Como dizem os técnicos do BC, é bom que todos se conscientizem de que as decisões de política monetária são técnicas e vão continuar a ser, independentemente dos interesses de determinados bancos ou economistas.
Sem manipulação
Os mesmos técnicos ressaltam que muitos criticam a pesquisa Focus, divulgada semanalmente pelo BC. Mas essas pessoas se esquecem que é justamente a amplitude do levantamento, com a opinião de mais de 100 analistas e consultores, que dilui qualquer intenção de manipulação das informações.
Não custa lembrar que, a despeito de parte dos grandes bancos estar apostando em uma alta de 0,75 ponto nos juros na reunião do Copom dos próximos dias 27 e 28, a pesquisa Focus da semana passada ainda indicava uma subida de apenas 0,5 ponto.

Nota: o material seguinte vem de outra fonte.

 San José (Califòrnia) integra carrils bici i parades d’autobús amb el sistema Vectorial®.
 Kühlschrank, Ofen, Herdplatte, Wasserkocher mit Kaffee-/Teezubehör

“Mas que fique claro. Se o BC achar que deve elevar os juros mais fortemente, vai fazê-lo, seguindo critérios estritamente técnicos”, diz um dos técnicos. A instituição, garante ele, não medirá esforços para cumprir a missão de fazer com a que a inflação convirja o mais rápido possível para o centro da meta, de 4,5%.
Beicinho de Mantega
O ministro da Fazenda, Guido Mantega, bate o pé, faz beicinho, diz que não, afirma que tudo não passa de intriga dos que querem juros mais altos. Mas, na opinião do economista-chefe da Corretora Convenção, Fernando Montero, o Brasil crescerá 7,1% neste ano. O Produto Interno Bruto (PIB) será puxado pela indústria, que dará, em 2010, um salto acima de 12%, o maior para um ano em quase um quarto de século.
Para Montero, muita gente do mercado e mesmo do governo está subestimando o supercrescimento do país neste ano. E isso ficará claro quando saírem os resultados do PIB do primeiro trimestre, com avanço de 2,2% sobre os últimos três meses de 2009, que já foi um período de forte expansão.

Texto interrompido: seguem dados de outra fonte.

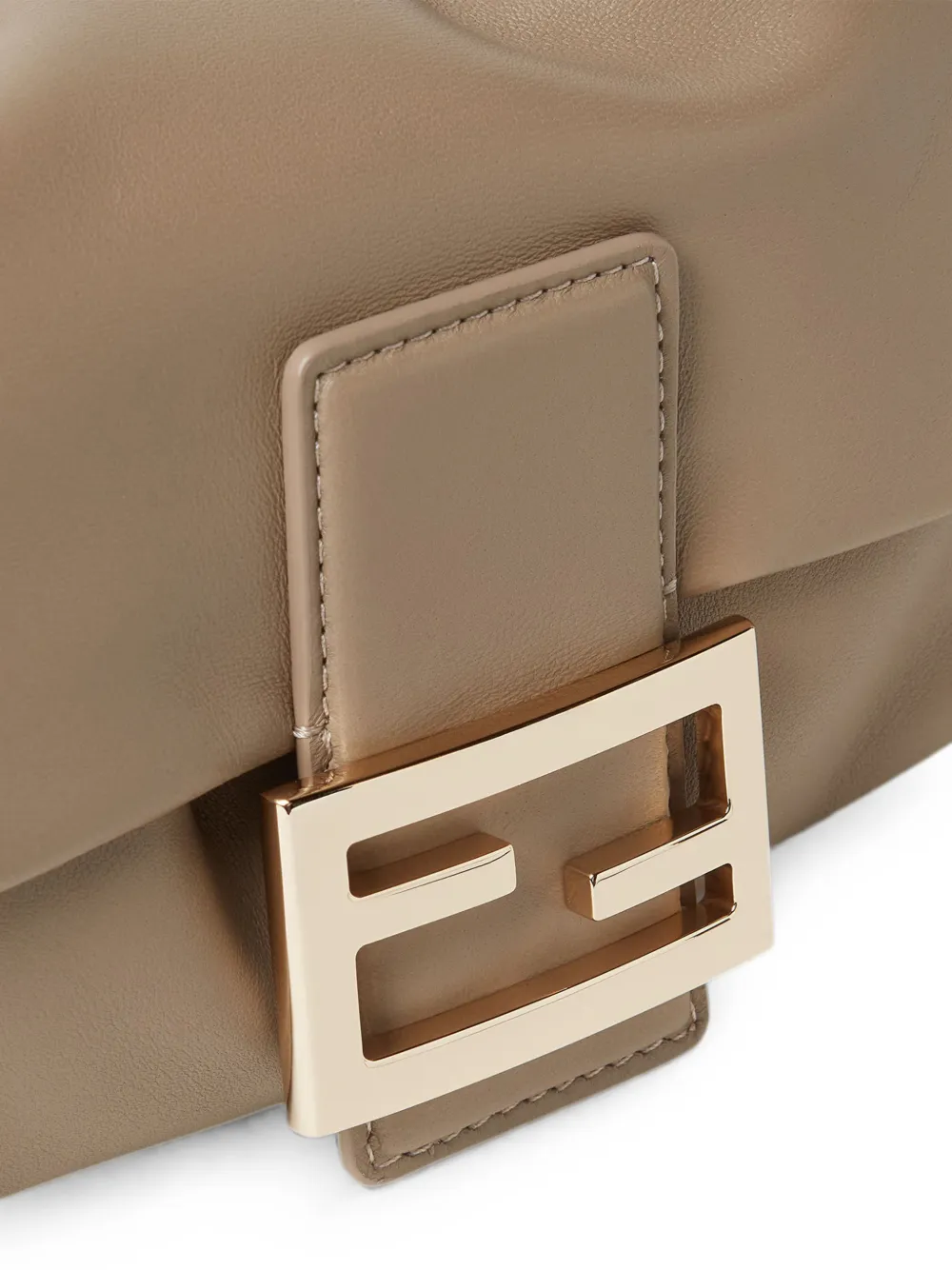 FENDI Kleine Baguette Soft tas Beige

O economista ressalta que, ao longo do ano, haverá, sim, um processo de desaceleração do nível de atividade, mas nada que impeça um saldo final de fazer chorar os opositores do presidente Lula.
Em 2011, primeiro ano de gestão do próximo presidente, o quadro será outro. Já impactado pelo aperto monetário iniciado no fim deste mês, o PIB voltará para mais próximo do seu potencial, algo como 4,5%.
O que, ressalte-se, mostrará que o tranco dado pelo BC não será tão forte, pois a base de comparação será a maior desde 1986, ano do fatídico Plano Cruzado, em que o único ganhador foi o PMDB, que conseguiu eleger uma leva enorme de governadores e deputados e que, agora, dará o vice à chapa de Dilma Rousseff.